• Records for this exercise:

----

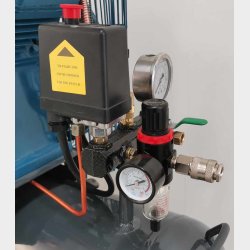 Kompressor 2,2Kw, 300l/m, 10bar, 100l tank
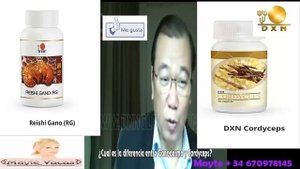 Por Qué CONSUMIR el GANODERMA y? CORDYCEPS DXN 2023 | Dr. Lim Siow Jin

----

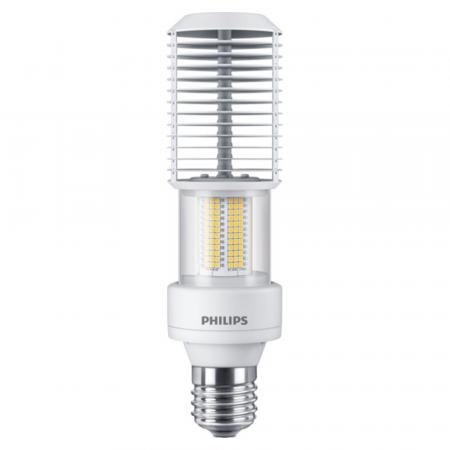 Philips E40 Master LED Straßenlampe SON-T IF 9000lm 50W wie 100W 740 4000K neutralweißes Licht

----

• Assigned task:
Print, word for word, the lines above that run from the line containing "Kompressor 2,2Kw, 300l/m, 10bar, 100l tank" to the line containing "Por Qué CONSUMIR", both included. Keep the pictures out.

• Answer below:
 Kompressor 2,2Kw, 300l/m, 10bar, 100l tank
 Por Qué CONSUMIR el GANODERMA y? CORDYCEPS DXN 2023 | Dr. Lim Siow Jin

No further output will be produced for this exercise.